— WORK INSTRUCTION —
An exact copy of the entries is required, with every image omitted.

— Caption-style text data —
***

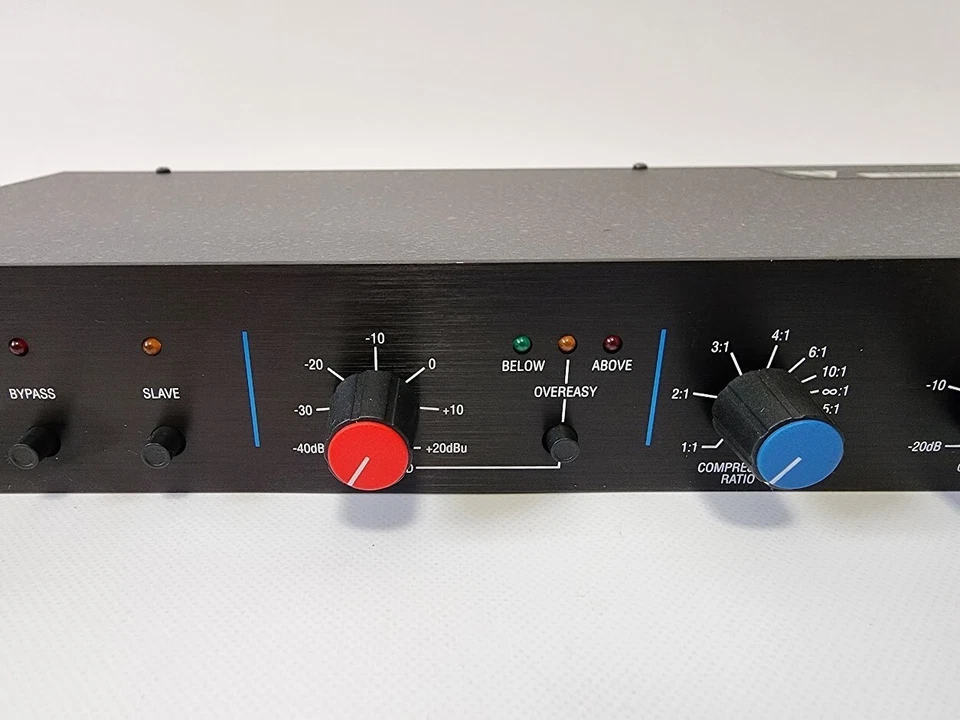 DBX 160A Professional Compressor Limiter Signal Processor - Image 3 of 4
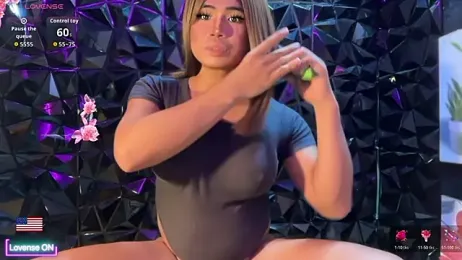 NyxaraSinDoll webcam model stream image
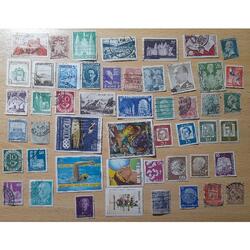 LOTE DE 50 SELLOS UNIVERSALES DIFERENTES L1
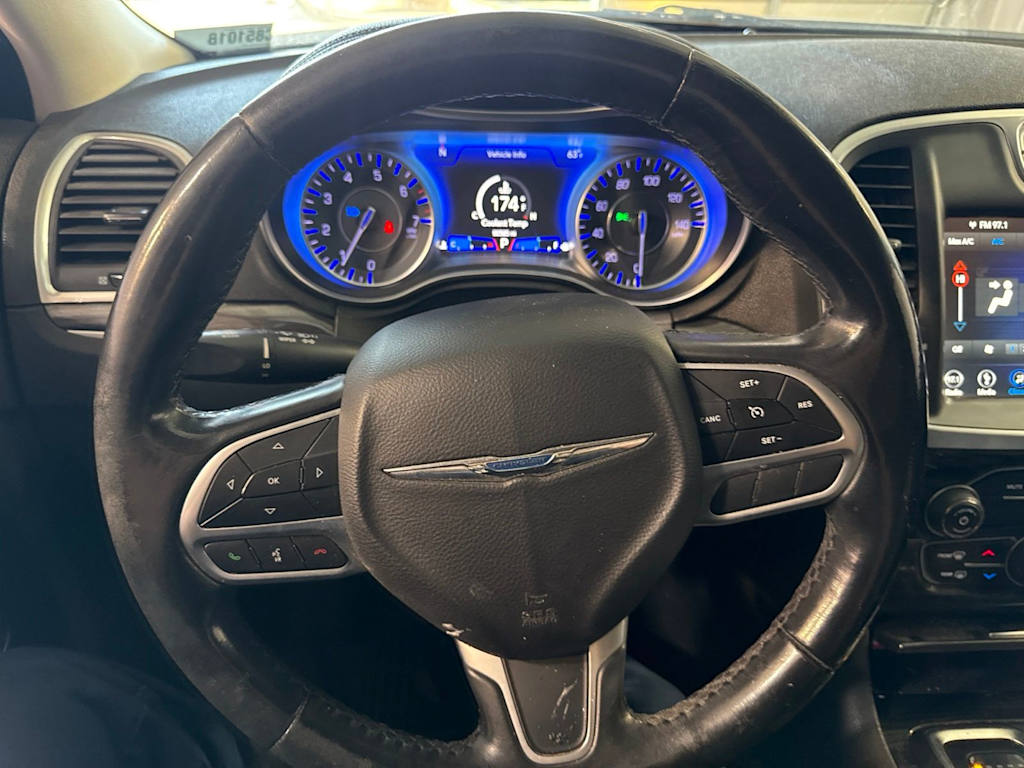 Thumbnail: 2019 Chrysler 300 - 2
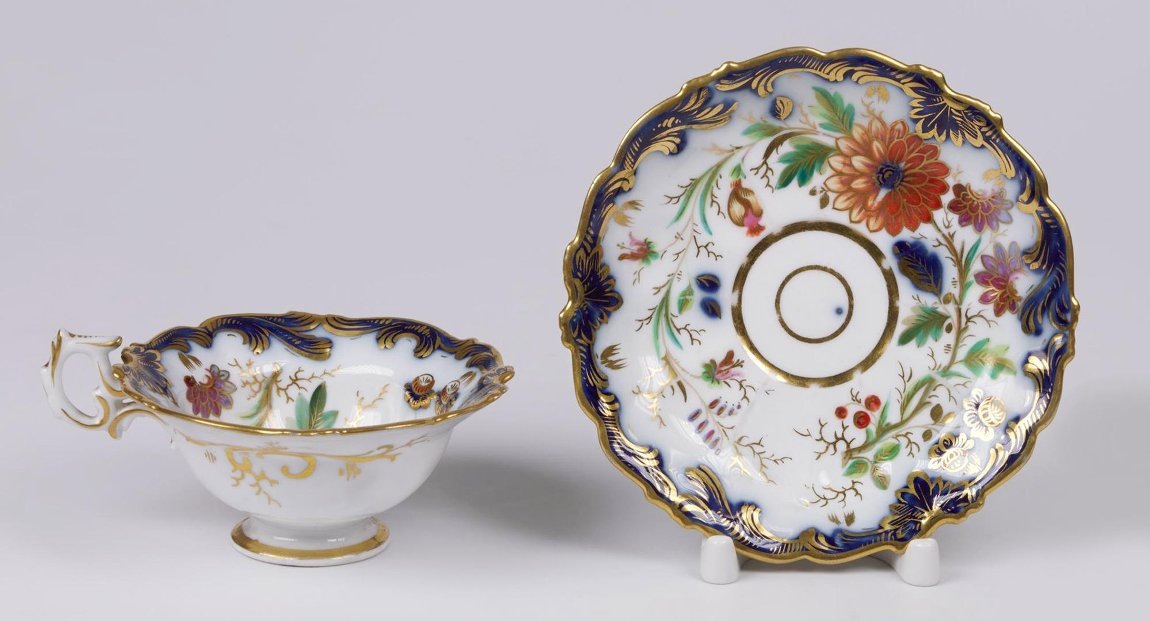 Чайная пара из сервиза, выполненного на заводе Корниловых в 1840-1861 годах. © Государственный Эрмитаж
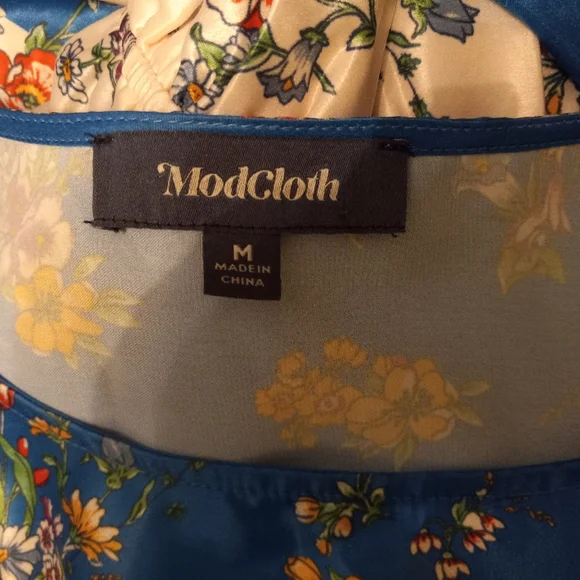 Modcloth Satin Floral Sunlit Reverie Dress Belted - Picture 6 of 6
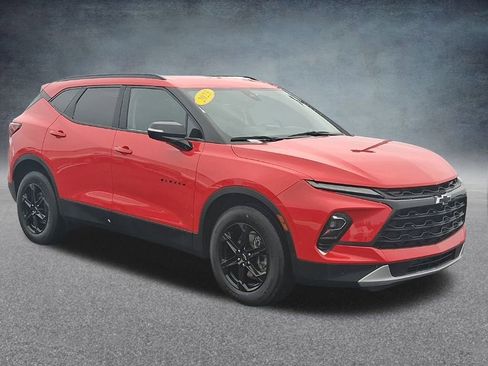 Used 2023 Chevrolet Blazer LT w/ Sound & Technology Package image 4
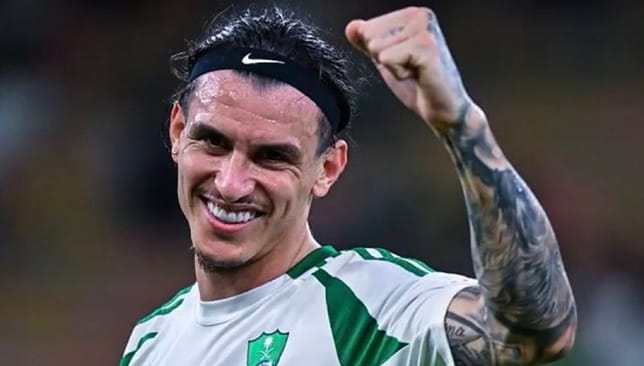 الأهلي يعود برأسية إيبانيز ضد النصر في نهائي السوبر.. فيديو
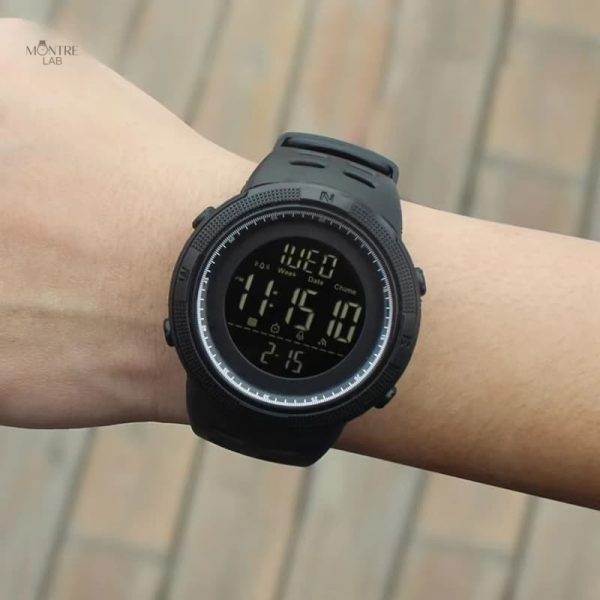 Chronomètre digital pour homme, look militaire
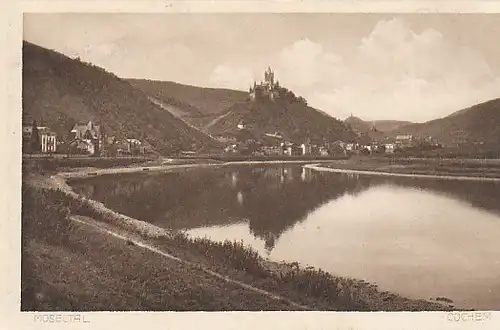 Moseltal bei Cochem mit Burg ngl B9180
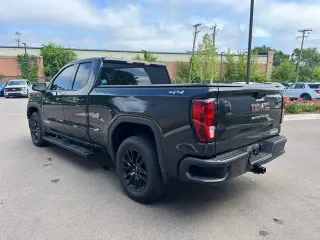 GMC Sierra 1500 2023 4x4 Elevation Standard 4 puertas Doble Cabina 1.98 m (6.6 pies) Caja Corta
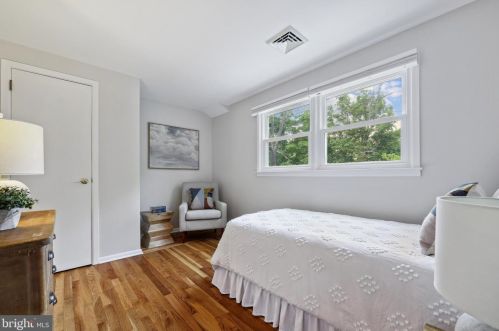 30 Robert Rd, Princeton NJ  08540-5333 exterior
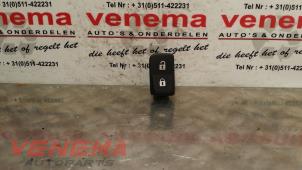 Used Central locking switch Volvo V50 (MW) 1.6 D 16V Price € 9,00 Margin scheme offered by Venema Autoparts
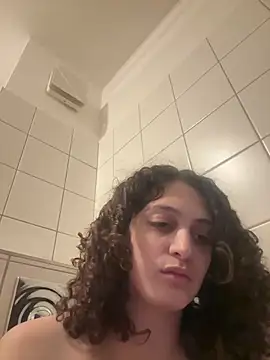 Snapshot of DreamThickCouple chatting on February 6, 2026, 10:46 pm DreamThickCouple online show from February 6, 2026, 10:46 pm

***

— SOLUTION FOR THIS EXERCISE —
 DBX 160A Professional Compressor Limiter Signal Processor - Image 3 of 4
 NyxaraSinDoll webcam model stream image
 LOTE DE 50 SELLOS UNIVERSALES DIFERENTES L1
 Thumbnail: 2019 Chrysler 300 - 2
 Чайная пара из сервиза, выполненного на заводе Корниловых в 1840-1861 годах. © Государственный Эрмитаж
 Modcloth Satin Floral Sunlit Reverie Dress Belted - Picture 6 of 6
 Used 2023 Chevrolet Blazer LT w/ Sound & Technology Package image 4
 الأهلي يعود برأسية إيبانيز ضد النصر في نهائي السوبر.. فيديو
 Chronomètre digital pour homme, look militaire
 Moseltal bei Cochem mit Burg ngl B9180
 GMC Sierra 1500 2023 4x4 Elevation Standard 4 puertas Doble Cabina 1.98 m (6.6 pies) Caja Corta
 30 Robert Rd, Princeton NJ  08540-5333 exterior
 Used Central locking switch Volvo V50 (MW) 1.6 D 16V Price € 9,00 Margin scheme offered by Venema Autoparts
 Snapshot of DreamThickCouple chatting on February 6, 2026, 10:46 pm DreamThickCouple online show from February 6, 2026, 10:46 pm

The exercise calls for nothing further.